Citizens can view performance measures, give feedback
Brian Coddington, Communications Director, 509.625.6740
Monday, May 11, 2015 at 12:30 p.m.
The City of Spokane is improving how citizens access and understand information about City performance in delivering services to citizens. On Monday, Mayor David Condon announced the launch of the new performance page on the City’s website.
The page features an easy tile-based layout and organizes City performance measures into 22 clear categories. Clicking on a tile reveals all of the performance measures in the category. Each measure includes interactive graphs and a few-sentence discussion about its significance, the expected performance and, in some cases, potential improvement strategies. The name of the department head responsible for the content and a way to provide feedback directly to the Mayor is also attached to each measure.
“We’re doing this because we want to hear from citizens,” said Mayor Condon. “It’s another important way that we keep city government affordable, accountable and aligned to the citizens we serve.”
Performance data is driving the decisions City leaders make and focuses resources where they can be most effective. The City has utilized the data and feedback to improve in a number of areas.

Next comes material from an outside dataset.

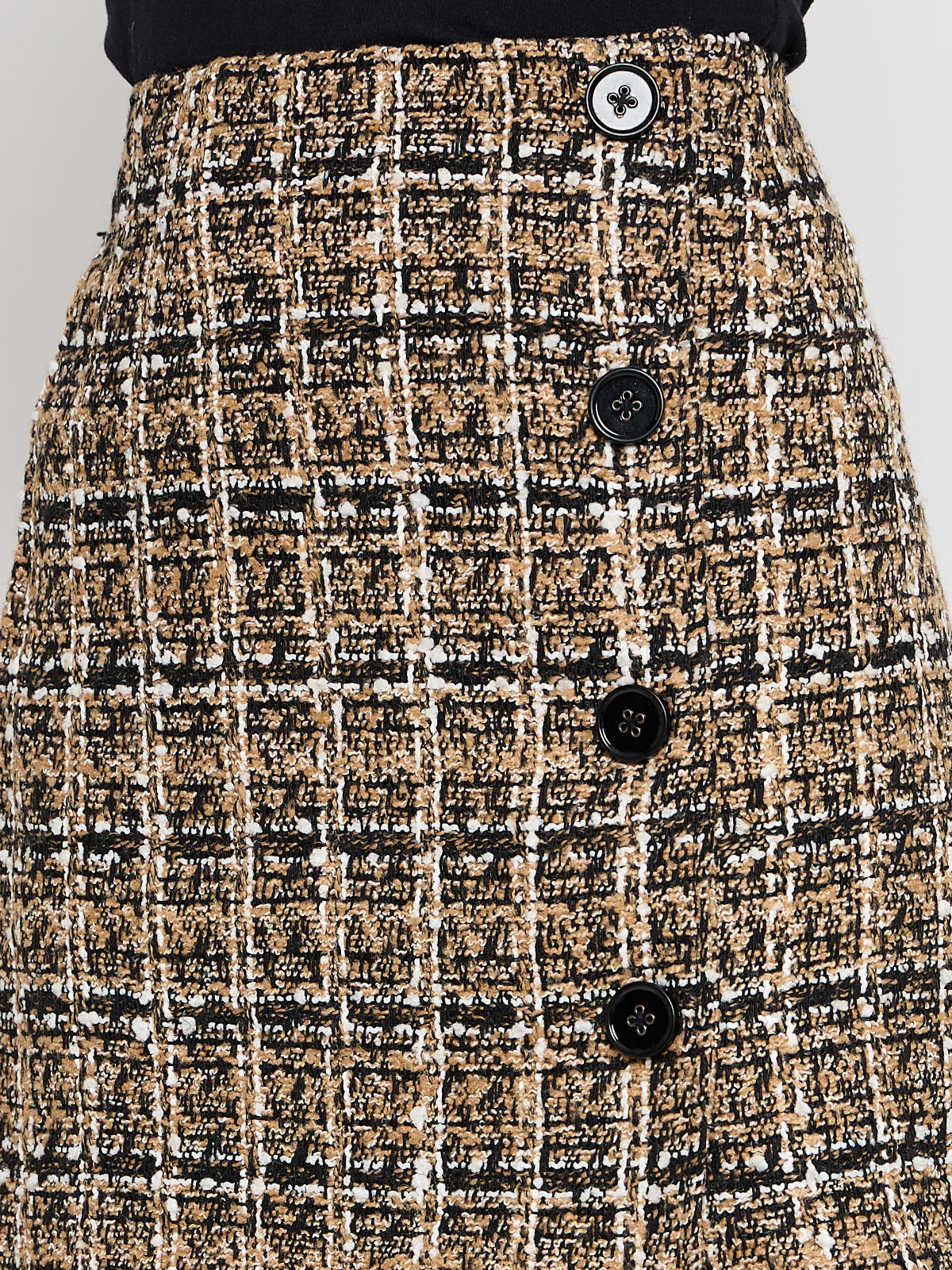 Women Beige Woolen Side Button Mini Skirt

One such measure being tracked closely is how the City can better use energy produced at the Upriver Dam to save citizens money and reduce the load placed on the grid. The dam produces power that powers some of our booster stations and other needs. That practice typically saves the City up to $700,000 annually. There appears to be an opportunity to generate additional revenue with closer tracking and consideration of the activities we can do during peak and off-peak times. Using more power during off-peak times allows for the sale of power generated during peak hours at higher rates. It also reduces demand on the system during those high-use times. During the first quarter, 53 percent of the power we generated was used for pumping during off-peak hours. The City’s goal is to get that to 60 percent.
Including water services, the City is monitoring more than five dozen areas using this data-driven approach. The Spokane Police Division has been using data quite effectively for some time to position its resources daily. The City also monitors fire response times and several measures related to the condition of our streets and improvements to road conditions. In the past quarter, the Office of Neighborhood Services & Code Enforcement has used data and feedback to drive down the time between when a code enforcement complaint is received and when an investigation begins. The department is getting close to the City’s goal of two days or less between complaint and investigation.
A complete list of performance measures can be found at SpokaneCity.org/performs.